Before there was Lean In and many other trendy women’s leadership events, there was the 3% Conference. The brainchild of founder Kat Gordon, 49, the conference takes its name from an estimate of the percentage of female advertising creative directors. Gordon, a 25-year veteran of the advertising industry, saw the effects of the disparity and says she was “horrified about the way women were being represented in ads.”
“I live in Silicon Valley and work with a lot of start-ups. I realized that maybe I should be the person to create a dialogue on this issue, which never gets the attention it deserves,” she says.
The answer was to start the conference. The first event, a one-day gathering in San Francisco in 2012, sold out and drew attendees from across the country. Gordon knew she had to continue the momentum, and the effort has grown into a full-time job. Now in its fourth year, more than 600 attendees and 50 agencies participated in the 2014 conference, as did brands such as Apple, Coca-Cola, and Visa. In addition to the annual conference, there are nine MiniCons, one-day events that local agencies sponsor and offer a condensed message to a typically younger crowd.

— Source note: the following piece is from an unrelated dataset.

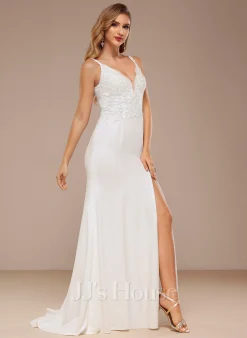 JJsHouse Forme Sirène/trompette Col V Balayage/pinceau Train Mousseline Dentelle Robe De Mariée Avec Paillettes -Voiles mariée Soldes 880e1455aa8e017726fe51cea7ae31b3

This fall, the conference moves to New York, the epicenter of the advertising world, and Gordon expects about 800 people to attend. And not just women, either. Men attend the event, as do the very agencies whose lack of gender diversity the conference addresses.
“One of the things I’ve done purposefully is to make it an optimistic movement,” she says. “We’re not on a witch hunt. Nobody is where they need to be on this issue, even the most progressive agencies.”
Working with Lynn Edwards of Seattle-based Proper Planning, Gordon creates a program that goes beyond offering panel after panel of talking heads. She builds in time for engaging keynotes, networking, and unscripted moments that she calls “unconference magic.” At least one breakout session will be determined on the fly based on suggestions that attendees make via words and drawings on an oversize whiteboard. An agency able to “think on its feet and mobilize a conversation” will lead the session.
Another real-time effort this year took the form of a Super Bowl tweetup, in which agencies live-tweeted critiques of commercials during the game, which represents the biggest advertising spend day of the year. The effort drew 59 million impressions of its hashtag and was “a great visibility exercise for us,” Gordon says.
What’s more, it appears Gordon’s work is having an impact. Her organization estimates the percentage of female creative directors has now grown to 11 percent. “It’s not the best number,” Gordon says, “but it’s a nice shot in the arm for people who are making a difference.”